• **Aim of the task**
All of the data goes into your copy exactly as written. Images do not.

Captioned web images

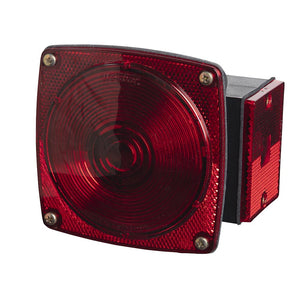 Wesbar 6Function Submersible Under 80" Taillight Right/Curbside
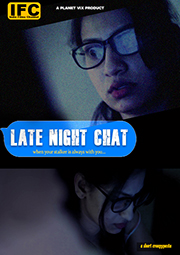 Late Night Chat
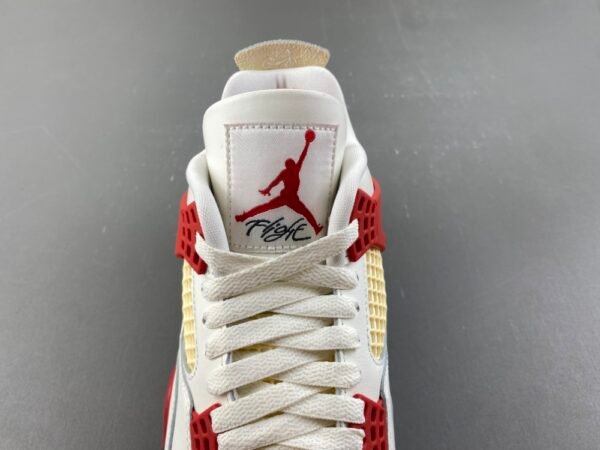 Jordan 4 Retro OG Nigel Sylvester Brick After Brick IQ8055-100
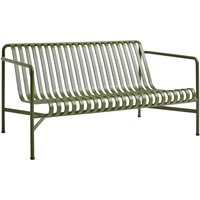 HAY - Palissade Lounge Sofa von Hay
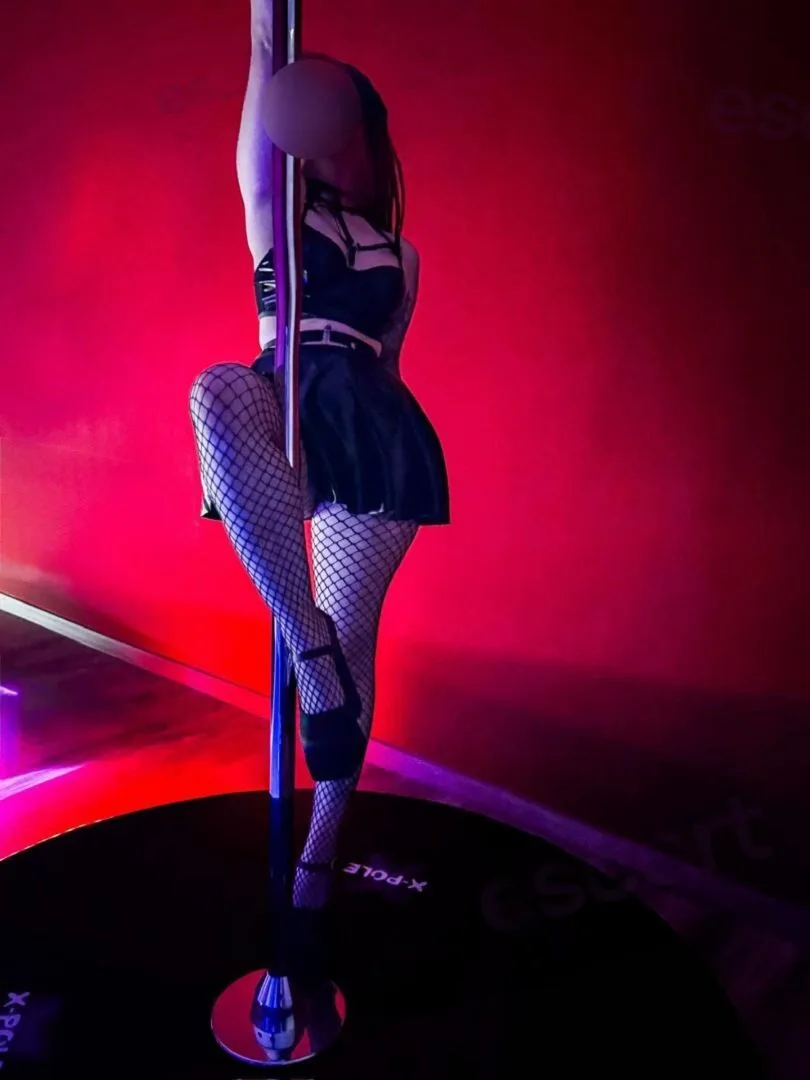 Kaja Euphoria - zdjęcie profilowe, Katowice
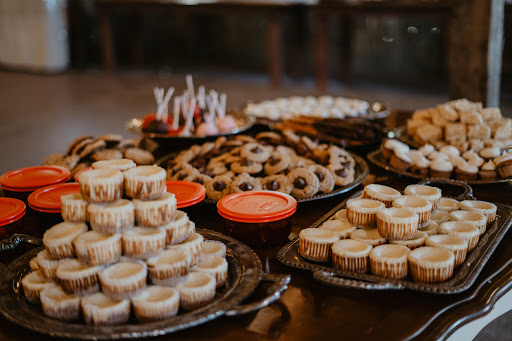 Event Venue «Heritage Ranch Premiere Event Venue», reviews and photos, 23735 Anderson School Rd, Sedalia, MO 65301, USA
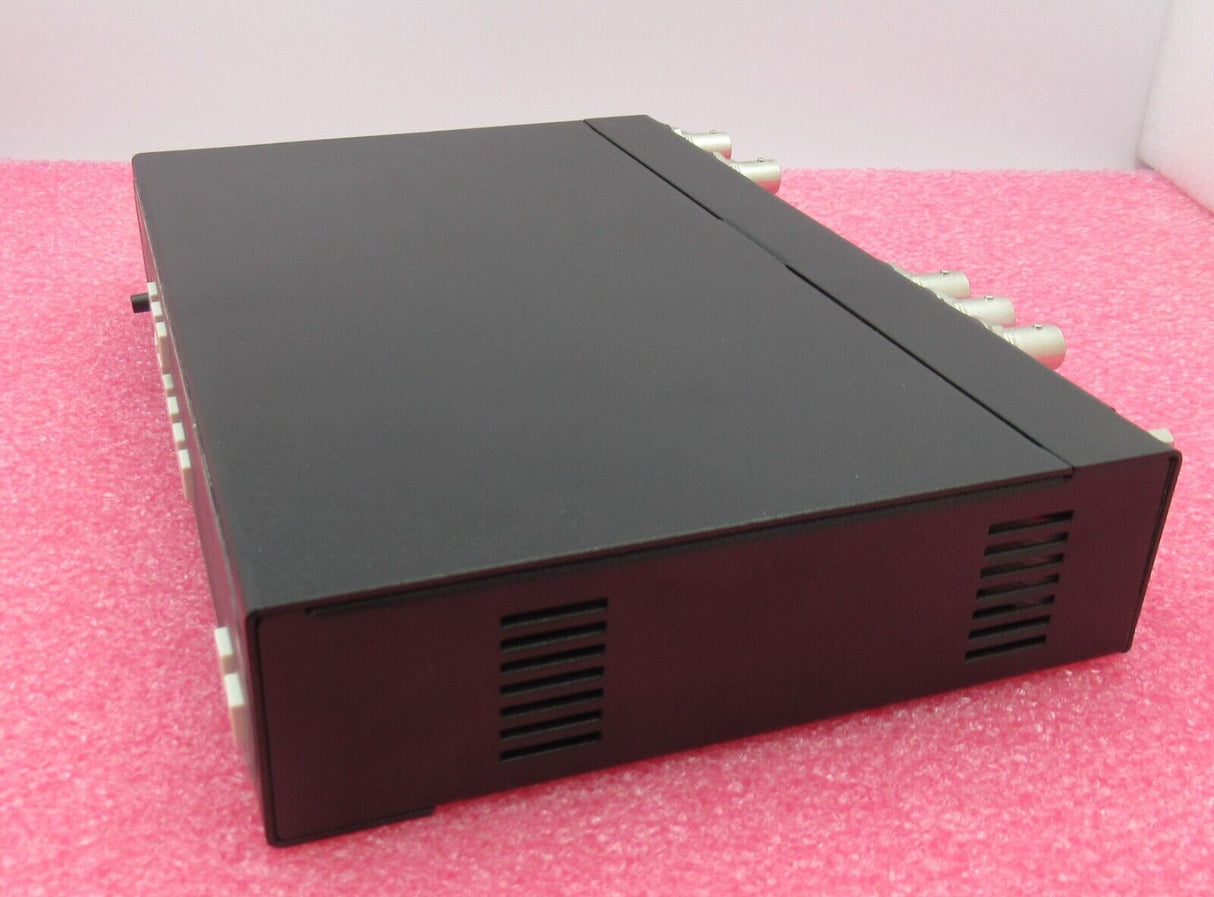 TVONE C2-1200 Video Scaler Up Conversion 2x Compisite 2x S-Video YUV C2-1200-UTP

• **Response box**
 Wesbar 6Function Submersible Under 80" Taillight Right/Curbside
 Late Night Chat
 Jordan 4 Retro OG Nigel Sylvester Brick After Brick IQ8055-100
 HAY - Palissade Lounge Sofa von Hay
 Kaja Euphoria - zdjęcie profilowe, Katowice
 Event Venue «Heritage Ranch Premiere Event Venue», reviews and photos, 23735 Anderson School Rd, Sedalia, MO 65301, USA
 TVONE C2-1200 Video Scaler Up Conversion 2x Compisite 2x S-Video YUV C2-1200-UTP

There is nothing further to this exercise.